(ASSIGNED TASK)
With the pictures omitted, print exactly the lines below, from the one containing "دیوار یزد عروس هلندی دیوار یزد عروس هلندی" through the one containing "21222 Front Beach", and nothing else.

(INPUT)
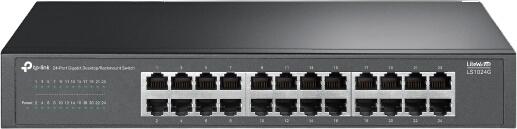 TP-Link LS1024G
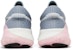Nike Joyride Dual Run 'Obsidian Mist Lotus Pink' - Kasut Lari Stylish wanita. CD4365-402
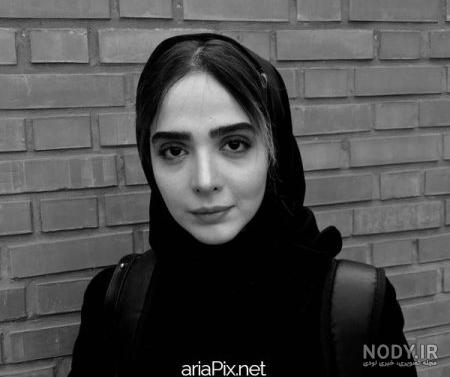 دیوار یزد عروس هلندی دیوار یزد عروس هلندی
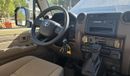 Toyota Land Cruiser Pick Up TOYOTA LAND CRUISER SINGLE CABIN PETROL V6 STD E AUTO 2025 MODEL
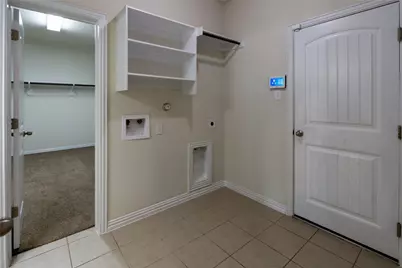 634 Blossom Valley Stream, Buda, TX 78610 - Photo 28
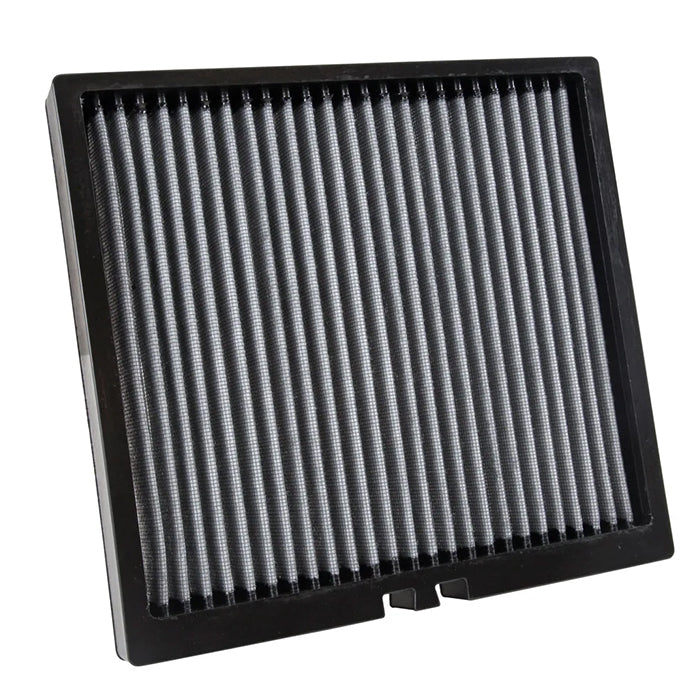 K&N, kupefilter VF2047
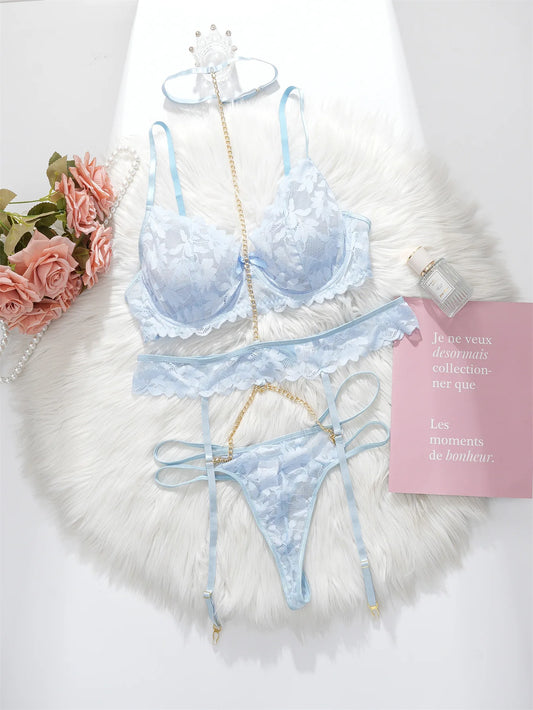 Lingerie Renata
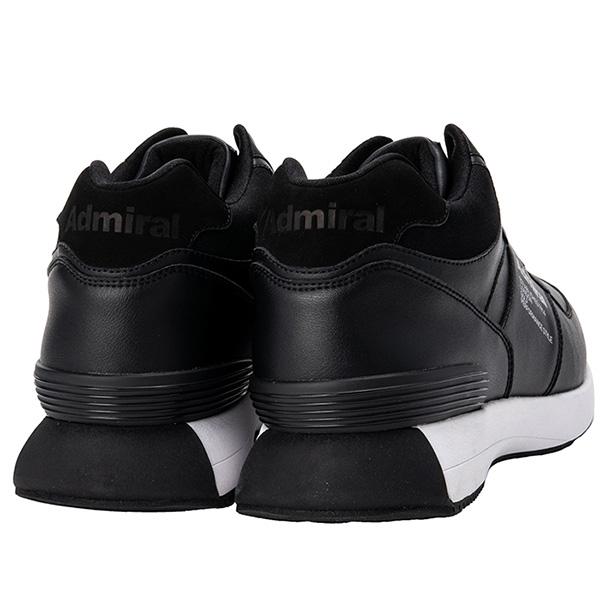 Admiral Golf（アドミラルゴルフ） アドミラル ゴルフ ゴルフシューズ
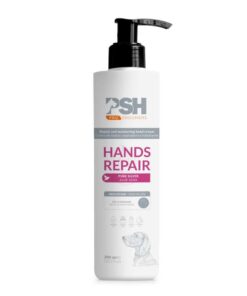 PSH HANDS REPAIR CREME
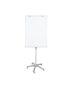 Image 0 of Maya Light Mobile Magnetic Easel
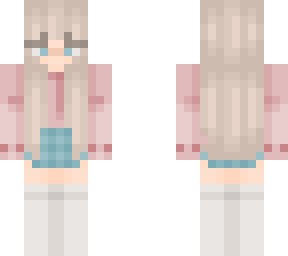 new angella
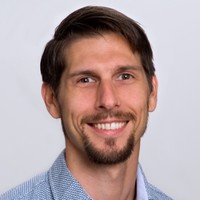 Marco Woschank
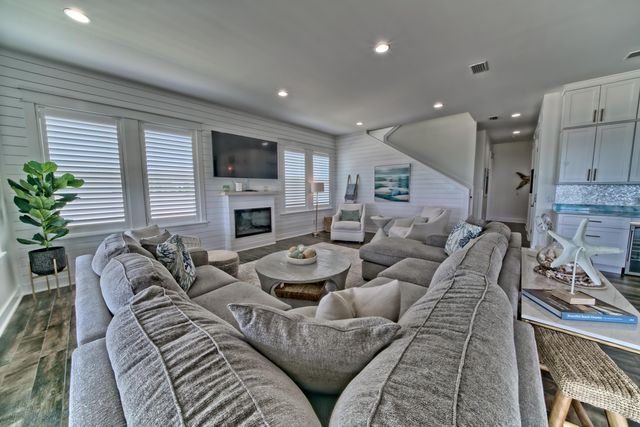 21222 Front Beach Road, Panama City Beach, FL 32413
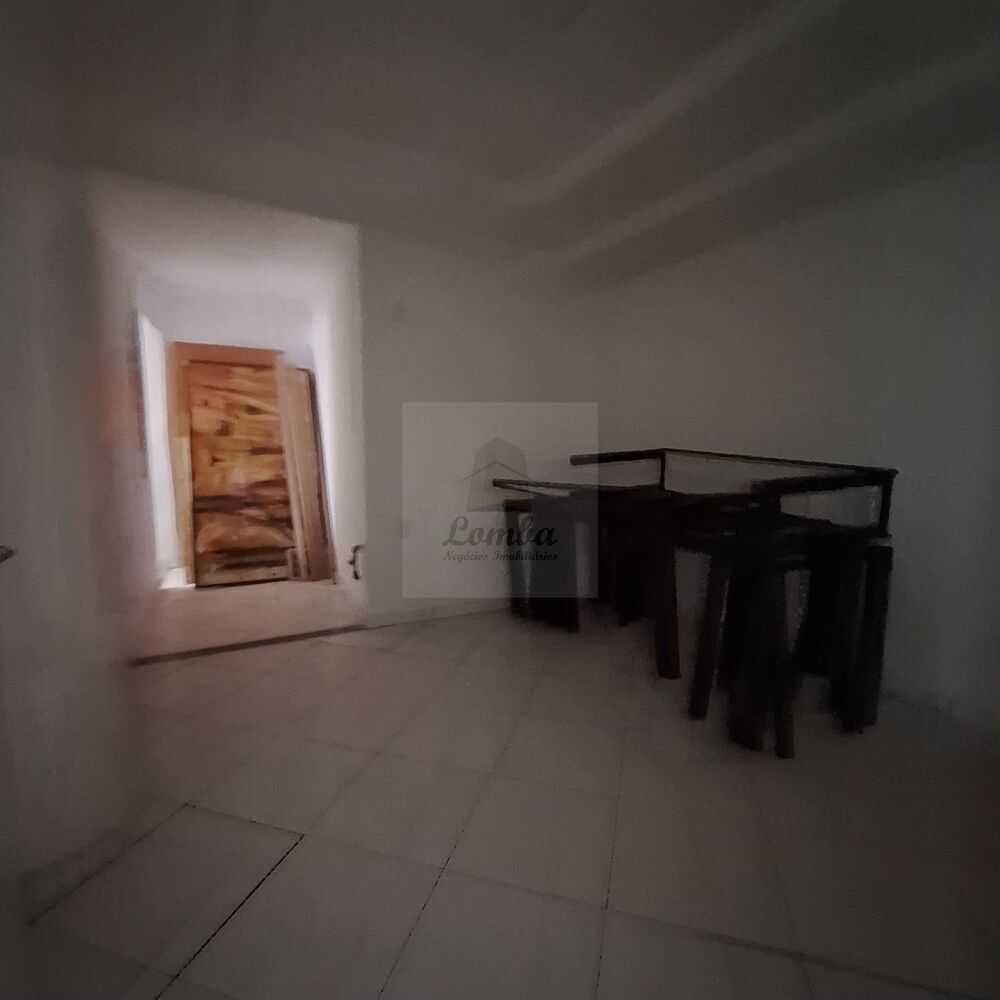 Loja-Salão para alugar, 750m² - Foto 5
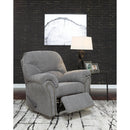  Benchcraft Allmaxx 28105U2 3 pc Living Room Set IMAGE 5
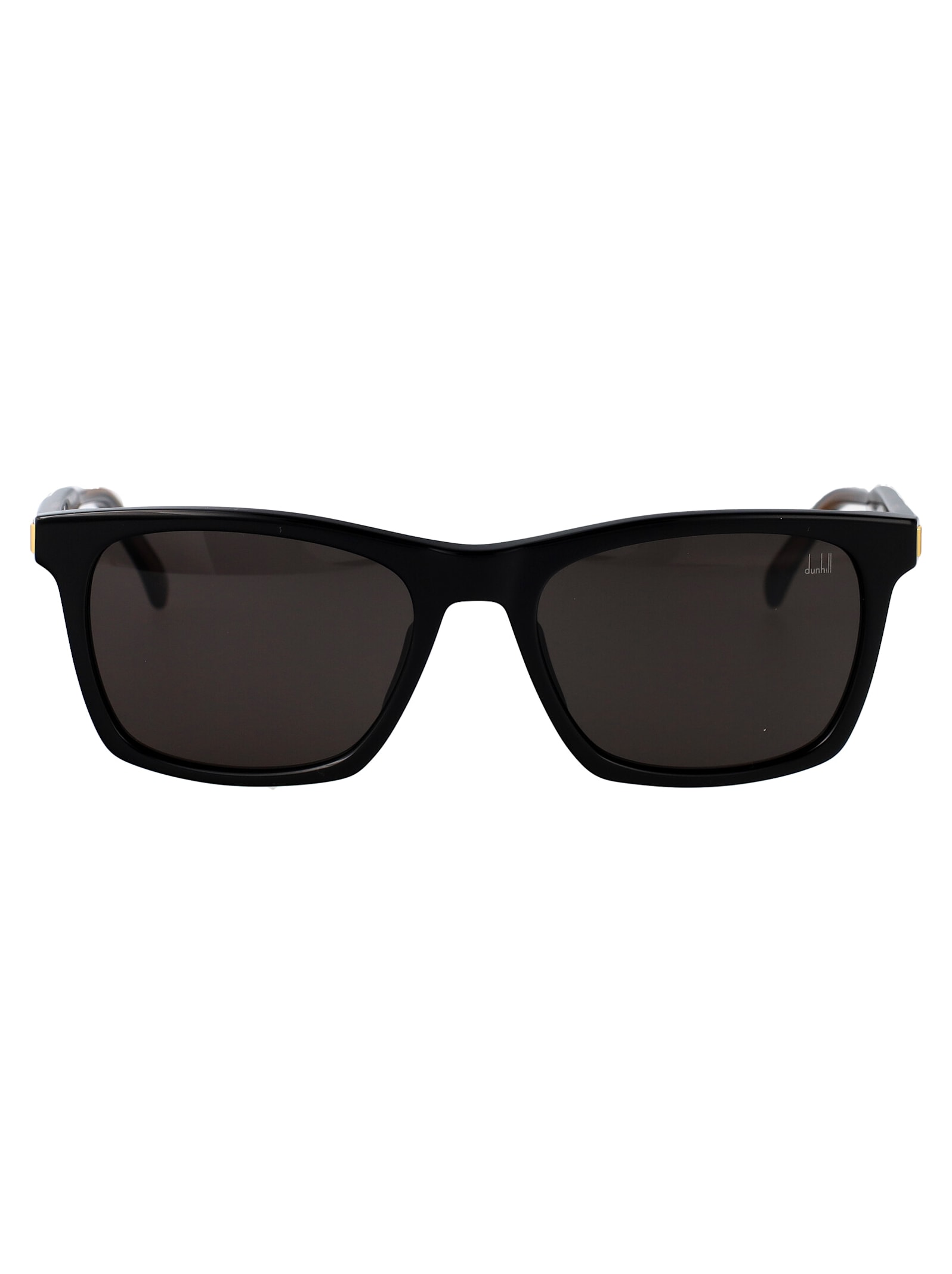 Du0083s Sunglasses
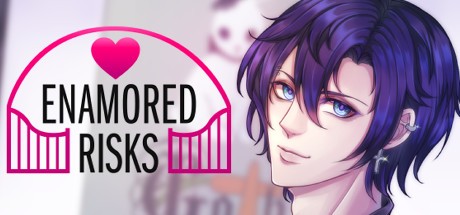 Games like Enamored Risks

(ANSWER TO THE EXERCISE)
 دیوار یزد عروس هلندی دیوار یزد عروس هلندی
 Toyota Land Cruiser Pick Up TOYOTA LAND CRUISER SINGLE CABIN PETROL V6 STD E AUTO 2025 MODEL
 634 Blossom Valley Stream, Buda, TX 78610 - Photo 28
 K&N, kupefilter VF2047
 Lingerie Renata
 Admiral Golf（アドミラルゴルフ） アドミラル ゴルフ ゴルフシューズ
 PSH HANDS REPAIR CREME
 Image 0 of Maya Light Mobile Magnetic Easel
 new angella
 Marco Woschank
 21222 Front Beach Road, Panama City Beach, FL 32413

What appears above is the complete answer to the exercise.